The arrested had also told the officials that they had killed the tiger for the sake of its skin and claws which command a huge price in the market and they were in touch with some smugglers who had links with the traders outside the country. One of the arrested Guglavat Prakash, a local tribal, was arrested in connection with poaching of a nilgai in Kawal forests. The unearthing of this tiger killing has dismayed the Telangana forest officials who only a month ago were celebrating the increased presence of tigers in the Kawal Reserve which came into being since 2012. This 2,015 sq km tiger reserve is considered to be a global hub, conducive for the growth and survival of tigers, thanks to its terrain and climate. They estimated presence of 12 tigers in the area.

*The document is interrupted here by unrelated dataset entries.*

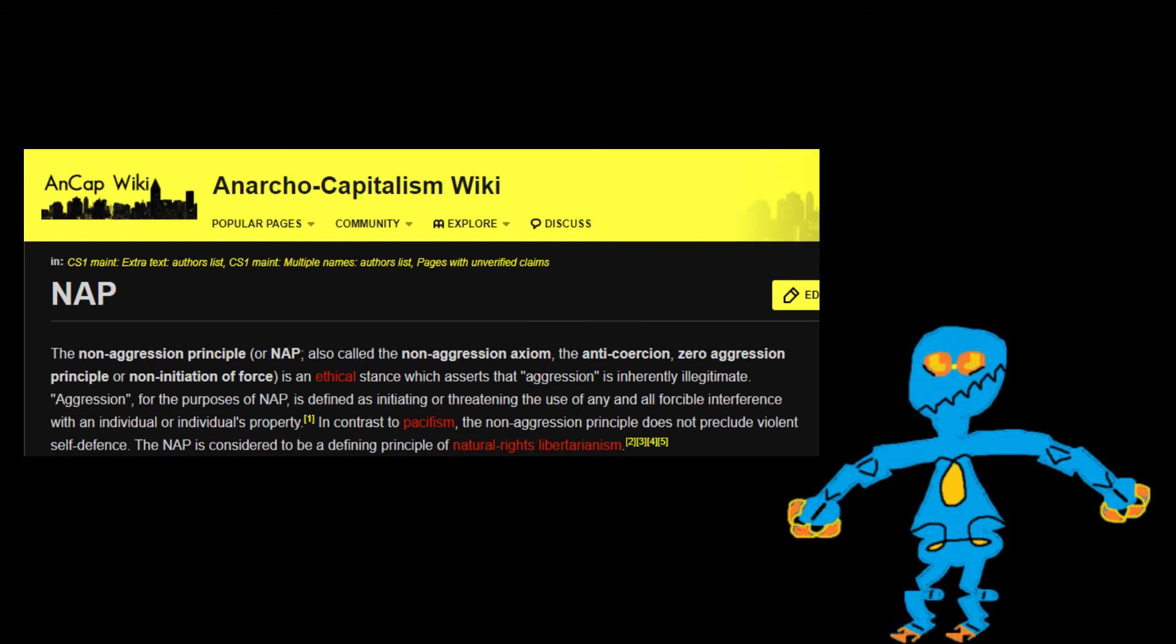The first important stance in being a true ANCAP is probably if I fall through with using the non-aggression principles, which is an ethical stance which asserts that aggression is inherently illegitimate.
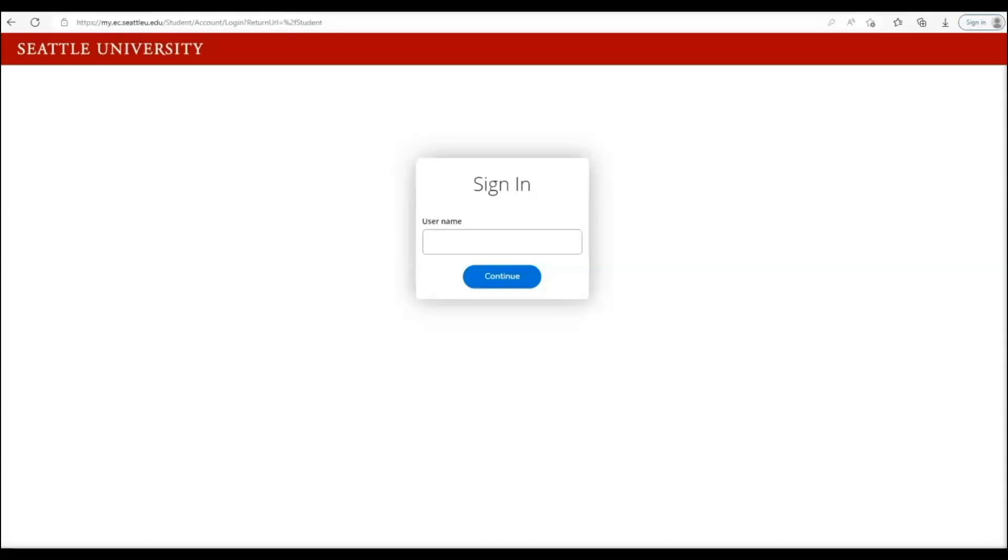You will enter in your username and password you created when you activated your Seattle U account for the first time. If you've logged in once before, you may not need to enter your information again since we use single sign-on with Microsoft.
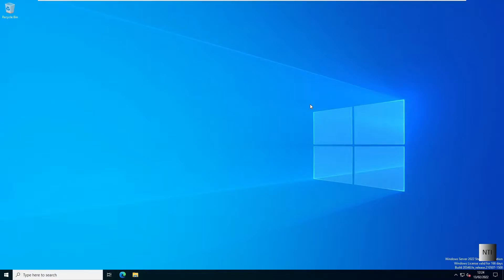Hello guys, welcome to NoStackInfo. Today I'm going to be teaching you how to connect a Windows 11 computer to a Windows Server 2022 domain.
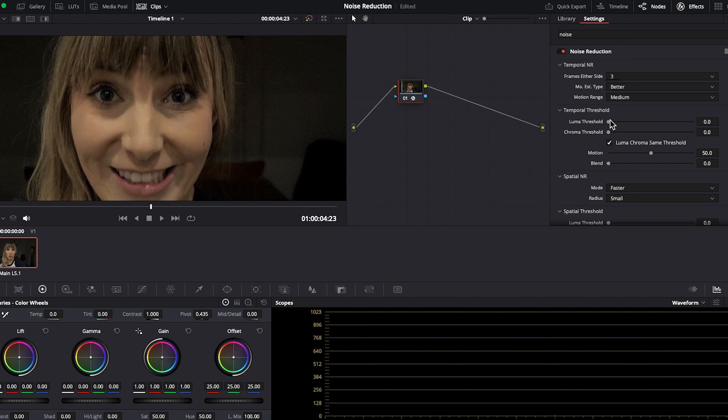Frames either side analyzes the number of frames to the right or left and tries to determine the average of what is detail and movement compared to what's noise. If you have a lot of movement in your clip, make this number lower. If you have minimal movement, you can make this number higher. I have some movement so I'm going to set this to three.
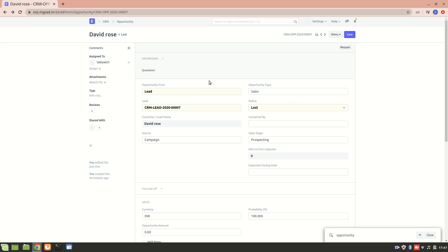So this was about the opportunity lost section as well as the quotation we can create. We can however reopen the opportunity based on the leads. Thank you so much for watching.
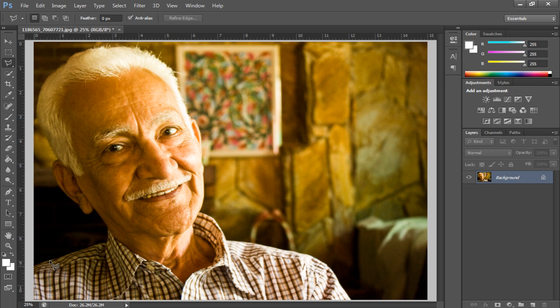In this tutorial, we will teach you how to create caricatures in Photoshop. We will be working on this image right here.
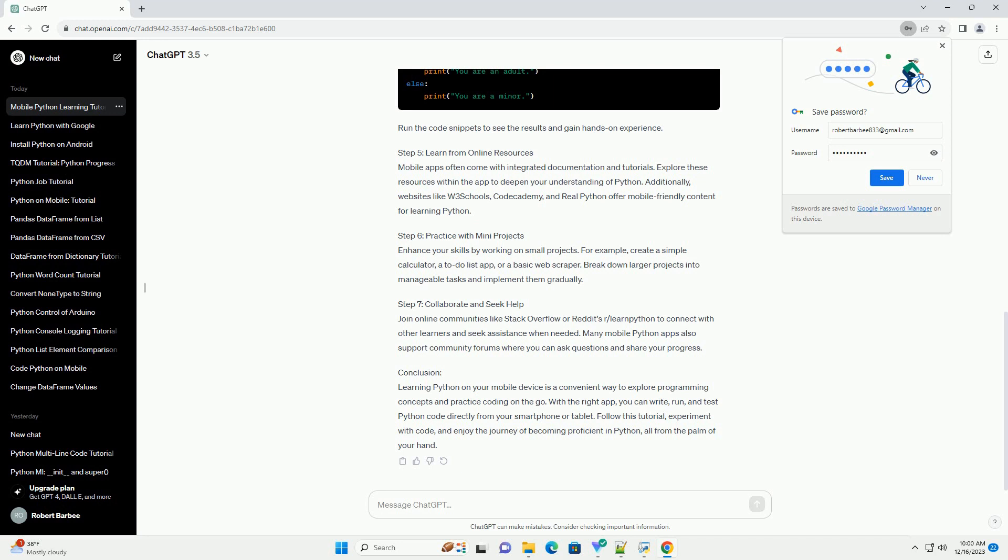Step 7: Collaborate and Seek Help. Join online communities like Stack Overflow or Reddit's r/learnpython to connect with other learners and seek assistance when needed. Many mobile Python apps also support community forums where you can ask questions and share your progress.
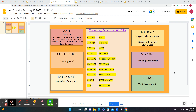A unit fraction always has a one on top, so it's one half, one third, one fourth, one fifth, one sixth. Non-unit fractions could be two thirds or four fifths. We're going to decompose those and also use number lines.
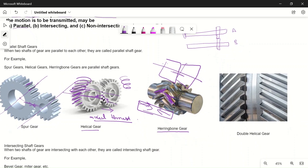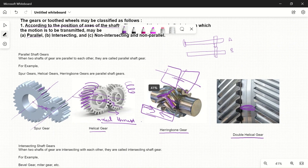The double helical gear and herringbone gear are almost the same. Sometimes there is a difference: in a double helical gear there is a slight gap between the two helical gears, whereas in a herringbone gear they are directly connected. These are all parallel shaft type gears.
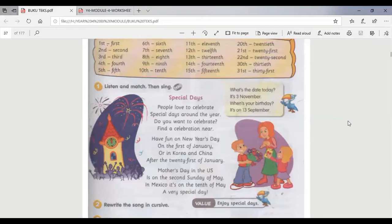Okay, that's the song. The title of the song is Special Days.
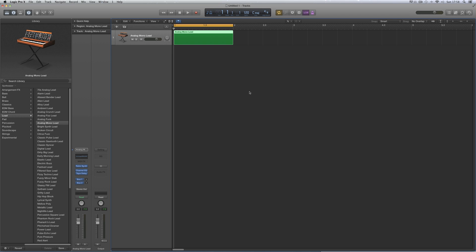Logic Pro X 10.1 — this is a very cool update. I've been checking it out for a few hours. Let's look at some of the new stuff.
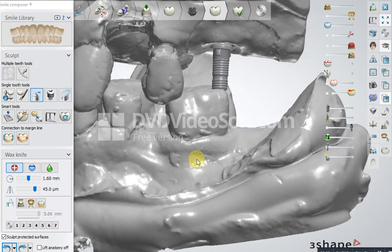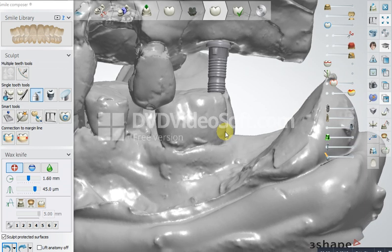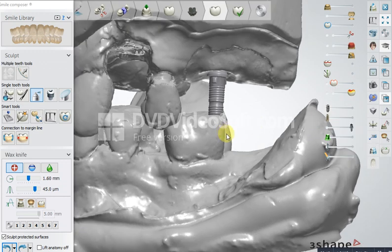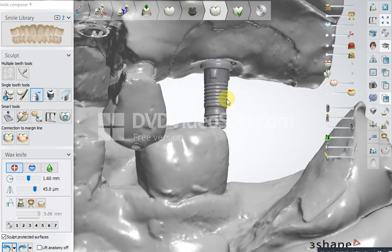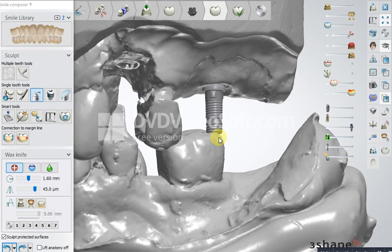Hello, good day everybody. In this video I'm going to show you a quick solution. Sometimes when you receive a die scan and the type base is too high, it is touching the opposing, and you have to print the model and then risk cutting the type base.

This is not the first a tiger has been killed by poachers in Kawal reserve. In December 2016, officials recovered a tiger skinned body burnt inside the forest and registered a case. There were instances of tiger killings in 2014, 2012, 2011, 2008, 2006, 2003 and 1985. The presence of tigers was less before Kawal was just a wildlife sanctuary since 1965 before it became a tiger reserve six years ago.
The forest department registered 84 cases of killing of wild animals by poachers in 2015-16, followed by 79 cases in 2016-17, 78 cases in 2017-18 and more than 70 cases in the current year, till January first week.
Forest officials admitted that most of the killings of different kinds of wild animals go unreported as there is no information from the locals, mostly tribals. Poachers encourage locals to kill animals for meat, while they take away skin and bones, claws etc.
The thick forests that connect three states—telangana, Maharashtra and Chhattisgarh—and the flow of major river Godavari and its half a dozen tributaries through the area and the availability of a large number of small animals and its rich flora and fauna have made Kawal an ideal tiger reserve. However, lack of awareness of locals in some villages in the forest and poachers have become a threat to tigers.
Chief Conservators of Forests Sharavanan told this newspaper on phone from Mancherial that the Kawal has emerged as a big habitat for tigers in the country and their population has registered a jump in the last six years. The population of other wild animals, too, went up, thanks to sustained efforts by both the Center and states. He admitted that crime against tigers and other wild animals, too, went up over the years.
Poachers from Mumbai and Hyderabad have made it a point to visit Kawal and hire locals to kill tigers of late. It was difficult for them to enter the tiger zones from Maharashtra and Chhattisgarh due to their inaccessibility. Kawal tiger reserve is 60 km from Mancherial and 280 km from Hyderabad and is well connected by road.
Poachers have been resorting to practices like poisoning of animal killed as prey to the tigers and electrocution and shooting by guns during nights. Though the presence of tigers went up in the last few years, there was no improvement in the vigil and surveillance in the forests, due to inadequate staff and infrastructure. The latest killing of tiger is expected to see some movement among the officials.
The Kawal Reserve is considered conducive for the growth and survival of tigers.